Prima di oggi, l’ultima volta che avevo visto I vitelloni di Fellini era il 1994. Avevo quattordici anni, Fellini era scomparso da poco ed io ero un suo grande ammiratore -non che non lo sia più, intendiamoci, ma in quel momento era proprio il mio idolo, la massima espressione artistica possibile ai miei occhi. Ad affascinarmi erano soprattutto le atmosfere del film, la magia della scena al mare e quella di certe frasi come “Ormai le sere erano più dolci: si sentiva già la primavera”. Rivedendolo adesso, ho potuto apprezzare aspetti che allora non ero maturo per cogliere -come la costruzione drammaturgica- ma ho anche sentito una distanza temporale che nel 1994 era molto meno avvertibile. Il fatto è che il codice comunicativo è cambiato enormemente. Trent’anni fa tutti gli interpreti erano ancora vivi e il loro stile di recitazione era ancora vivo ai miei occhi. Ma non solo: erano ancora vivi i miei nonni, che erano più o meno della stessa generazione di Fellini, e tutto il loro codice comunicativo -fatto di voce, gesti, atteggiamenti del corpo- mi era presente. Oggi non è più così. Noi ammiriamo e amiamo quella generazione di attori e nello stesso tempo abbiamo iniziato a storicizzarla -non perché preferiamo gli attori inani d’oggigiorno, ma semplicemente per quei mutamenti di psicologia della percezione che sono inevitabili in settant’anni.
E ho pensato che forse i film sono destinati a invecchiare più irreversibilmente dei romanzi perché, nel leggere un dialogo in un romanzo, possiamo adeguare i contenuti ai codici comunicativi che ci sono congeniali, mentre in un film dobbiamo accettarli così come sono.

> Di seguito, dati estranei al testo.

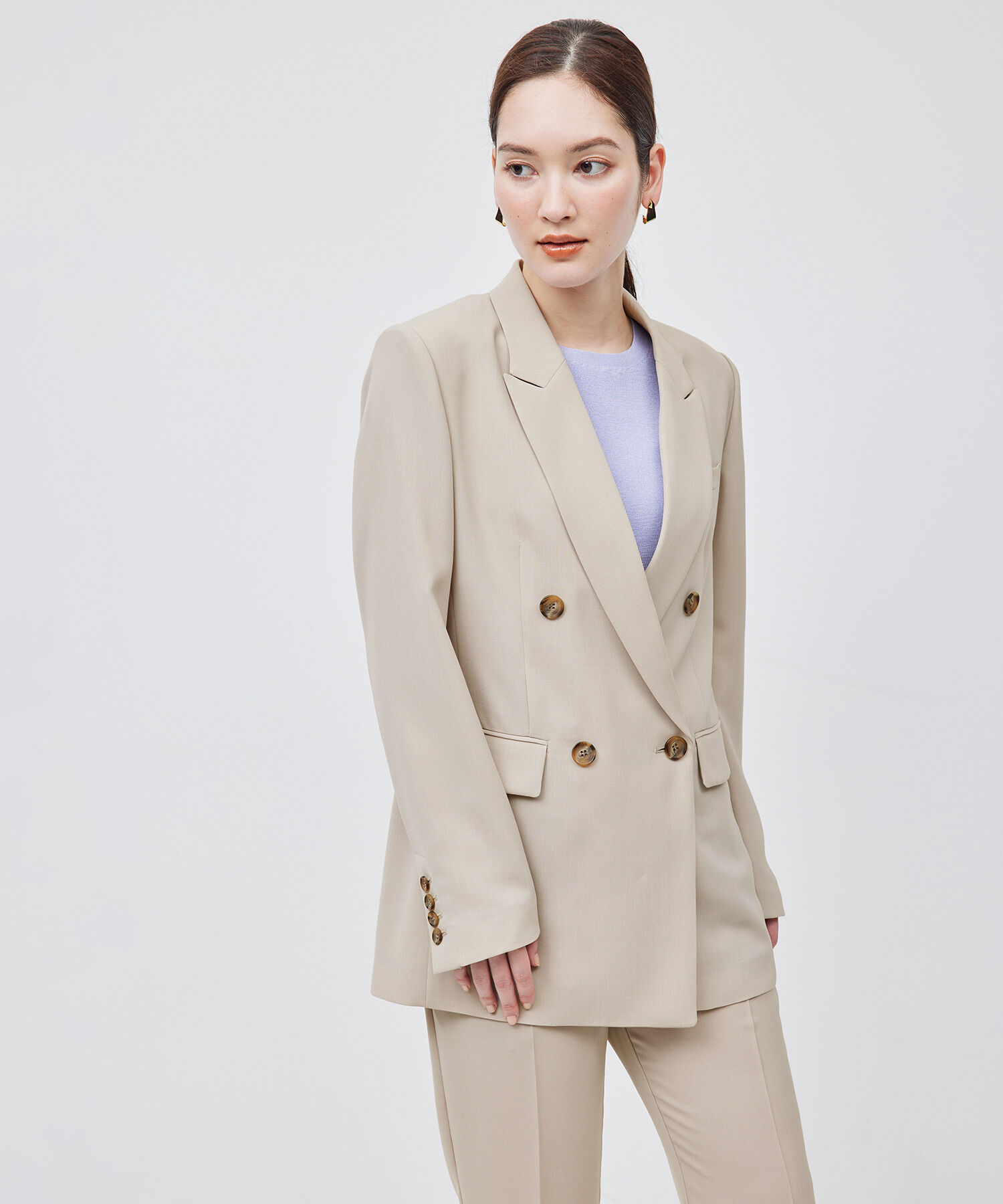 ROPE「ポリエステルツイルダブルジャケット/セットアップ対応【メディア掲載】」|テーラードジャケット|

Non accade nulla del genere in nessun’altra arte: anche la musica è legata all’interpretazione, ma, se il codice interpretativo cambia, possiamo rivolgerci a nuove interpretazioni -solo pochissimi oggi ascoltano Mozart come veniva eseguito nel 1934, ma se vogliamo vedere L’atalante di Vigo, che è del 1934, non possiamo che prenderlo integralmente così com’è.
Paradossalmente, questo discorso è meno vero per il cinema muto, il cui maggiore livello d’astrazione lo mette al riparo dai mutamenti di sensibilità e di gusto. Fra cento anni, forse, Luci della città di Chaplin sarà meno invecchiato de I vitelloni.
Il mutamento del codice comunicativo, dal 1953 ad oggi, è particolarmente evidente nelle donne: se è vero che nessuno recita più come Sordi, Interlenghi e Trieste, è ancor più vero che Leonora Ruffo e Paola Borboni si agitano sulla scena in un modo che appare ormai incredibilmente artificioso e lontano.
Le conclusioni non le ho, Tiratele voi.